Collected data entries
*** Block opens ***
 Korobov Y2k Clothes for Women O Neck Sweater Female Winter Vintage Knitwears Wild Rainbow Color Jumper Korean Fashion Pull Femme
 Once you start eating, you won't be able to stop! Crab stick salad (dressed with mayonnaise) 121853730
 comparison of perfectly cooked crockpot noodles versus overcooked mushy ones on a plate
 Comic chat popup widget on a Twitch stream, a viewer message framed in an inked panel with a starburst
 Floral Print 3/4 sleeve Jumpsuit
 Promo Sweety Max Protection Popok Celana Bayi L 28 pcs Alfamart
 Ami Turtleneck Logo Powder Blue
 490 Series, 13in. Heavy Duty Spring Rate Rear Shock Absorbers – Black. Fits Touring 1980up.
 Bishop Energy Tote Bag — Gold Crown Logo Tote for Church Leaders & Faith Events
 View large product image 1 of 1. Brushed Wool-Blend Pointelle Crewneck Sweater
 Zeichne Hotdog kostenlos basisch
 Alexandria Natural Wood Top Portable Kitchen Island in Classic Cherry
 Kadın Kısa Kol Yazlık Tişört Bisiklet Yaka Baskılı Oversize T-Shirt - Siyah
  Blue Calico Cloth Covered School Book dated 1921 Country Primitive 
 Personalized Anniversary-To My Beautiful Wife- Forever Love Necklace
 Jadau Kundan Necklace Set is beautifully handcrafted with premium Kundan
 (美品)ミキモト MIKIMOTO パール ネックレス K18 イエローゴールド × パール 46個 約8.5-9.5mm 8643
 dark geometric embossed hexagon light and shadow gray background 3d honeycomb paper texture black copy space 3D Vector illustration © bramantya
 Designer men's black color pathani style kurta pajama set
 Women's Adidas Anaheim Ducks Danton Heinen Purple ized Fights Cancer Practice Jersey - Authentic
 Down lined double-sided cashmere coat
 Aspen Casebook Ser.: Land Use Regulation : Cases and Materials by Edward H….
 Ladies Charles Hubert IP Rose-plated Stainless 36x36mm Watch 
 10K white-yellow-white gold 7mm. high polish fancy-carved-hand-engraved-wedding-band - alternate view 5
*** Block closes ***
> **Work required**
Your answer should be one number, the count of lines in the records that contain the word "Necklace".

> **Finished exercise**
2